60 Years in Journalism: Moscow on My Mind

Twenty years after I left Moscow and turned the ABC News Bureau over to a successor in 1972, I revisited. By then, The bureau looked more like a television operation, with video editing equipment and a direct line to satellite feeds. I dropped in to the apartment of the Washington Post's husband and wife team. The Soviet-era appliances were gone, the paper having paid for a renovation including a new European kitchen. My ABC colleague was able to rent a modern apartment in an outlying area.

In 1983, the Overseas Press Club held a reunion of former Moscow Correspondents, whose service dated back to World War II. They included Walter Cronkite, who was with United Press back then, and living and working conditions were tough. He said whenever he was asked how long he had been in Moscow, he'd reply, "two." Two what? "Too long."

My three years there ended right after the state visit of President Richard Nixon in 1972, and I was delighted to escape to a new posting in Tokyo.
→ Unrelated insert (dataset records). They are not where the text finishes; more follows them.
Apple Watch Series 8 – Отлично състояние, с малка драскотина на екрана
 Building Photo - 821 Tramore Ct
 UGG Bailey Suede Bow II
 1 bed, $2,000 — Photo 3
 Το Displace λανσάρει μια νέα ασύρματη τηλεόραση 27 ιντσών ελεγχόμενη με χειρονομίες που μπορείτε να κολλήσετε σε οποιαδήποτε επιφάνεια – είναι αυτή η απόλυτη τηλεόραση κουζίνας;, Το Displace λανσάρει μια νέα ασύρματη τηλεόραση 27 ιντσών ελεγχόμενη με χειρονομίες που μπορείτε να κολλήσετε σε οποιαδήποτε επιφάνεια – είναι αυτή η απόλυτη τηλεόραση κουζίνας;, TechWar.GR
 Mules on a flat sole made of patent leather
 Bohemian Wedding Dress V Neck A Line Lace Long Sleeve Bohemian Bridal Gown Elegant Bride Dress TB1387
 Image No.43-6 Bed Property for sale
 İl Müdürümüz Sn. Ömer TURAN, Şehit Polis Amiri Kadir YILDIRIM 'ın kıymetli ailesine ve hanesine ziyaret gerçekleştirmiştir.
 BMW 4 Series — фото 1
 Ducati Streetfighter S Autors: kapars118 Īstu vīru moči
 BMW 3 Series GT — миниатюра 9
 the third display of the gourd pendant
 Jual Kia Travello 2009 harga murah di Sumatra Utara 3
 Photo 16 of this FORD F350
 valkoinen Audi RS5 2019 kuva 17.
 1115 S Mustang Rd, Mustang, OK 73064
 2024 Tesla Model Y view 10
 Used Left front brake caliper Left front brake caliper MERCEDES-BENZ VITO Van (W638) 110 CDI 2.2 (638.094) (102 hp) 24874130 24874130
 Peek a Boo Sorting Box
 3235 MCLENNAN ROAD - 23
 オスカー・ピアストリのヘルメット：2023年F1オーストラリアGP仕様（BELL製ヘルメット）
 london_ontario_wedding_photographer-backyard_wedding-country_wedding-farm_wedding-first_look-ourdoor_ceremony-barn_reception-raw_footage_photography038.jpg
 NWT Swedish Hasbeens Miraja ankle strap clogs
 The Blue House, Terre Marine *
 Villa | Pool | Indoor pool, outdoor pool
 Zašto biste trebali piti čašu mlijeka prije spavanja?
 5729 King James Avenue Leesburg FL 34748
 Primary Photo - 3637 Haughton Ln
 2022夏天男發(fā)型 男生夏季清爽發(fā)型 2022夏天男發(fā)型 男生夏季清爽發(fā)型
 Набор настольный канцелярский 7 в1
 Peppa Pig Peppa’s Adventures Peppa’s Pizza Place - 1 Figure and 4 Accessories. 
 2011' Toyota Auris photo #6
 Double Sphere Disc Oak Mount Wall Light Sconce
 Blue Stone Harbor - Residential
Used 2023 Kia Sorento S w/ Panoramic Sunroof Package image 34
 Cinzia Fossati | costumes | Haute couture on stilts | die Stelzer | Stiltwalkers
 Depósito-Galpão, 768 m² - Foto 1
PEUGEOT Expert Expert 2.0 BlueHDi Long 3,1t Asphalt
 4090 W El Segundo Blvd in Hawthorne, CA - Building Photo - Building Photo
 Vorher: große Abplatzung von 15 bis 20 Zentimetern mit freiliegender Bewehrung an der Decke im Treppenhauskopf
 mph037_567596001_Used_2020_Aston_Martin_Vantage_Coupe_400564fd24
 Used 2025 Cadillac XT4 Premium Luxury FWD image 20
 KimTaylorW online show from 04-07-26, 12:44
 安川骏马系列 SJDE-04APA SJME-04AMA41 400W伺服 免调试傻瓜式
A few months before I departed, Bob Kaiser arrived as the Washington Post correspondent. The Overseas Club recently held another reunion of Moscow correspondents, in which Kaiser participated. It can be viewed on the OPCofAmerica.org web site. Kaiser noted a change in the atmosphere after the summit meeting. Officials began to grant interviews to the Washington Post, which made his tenure not only worthwhile but memorable. .

But it was still the Soviet Union, and the improvement was ephemeral. Tom Kent, an Associated Press correspondent from 1976-81 said: "Western correspondents were barely tolerated. Almost never could we get the interviews we needed. Nor was there much contact with ordinary people, who seemed programmed to watch out for foreigners."

Ann Cooper arrived at the end of 1986 for a five-year stint as National Public Radio's first correspondent "in the gray and grim Soviet Union." But then things began to change -- a lot. The new leader, Mikhail Gorbachov, "could see the economic disaster his country was headed for, but in order to bring about reform, he had to tell his people some truths, unlike 'Comrades, we overfilled the plan once more.'" The camps for political prisoners were being emptied. "All of a sudden," Cooper found, there was "a new population of people who we could talk to and they wanted to talk to us.

"They held press conferences to air their grievances without fear of consequences," and dissidents started to call Cooper at home, knowing the phone was bugged. "But they said it doesn't matter any more. The story for me became the disappearance of fear. I went to Siberia and saw miners on strike, Orthodox believers could worship much more freely than ever before, environmentalists became active, and political reformers. People were losing their fear and speaking out as never before. For correspondents, it was a great time. Glasnost took on a life of its own. It was exhausting, exhilarating."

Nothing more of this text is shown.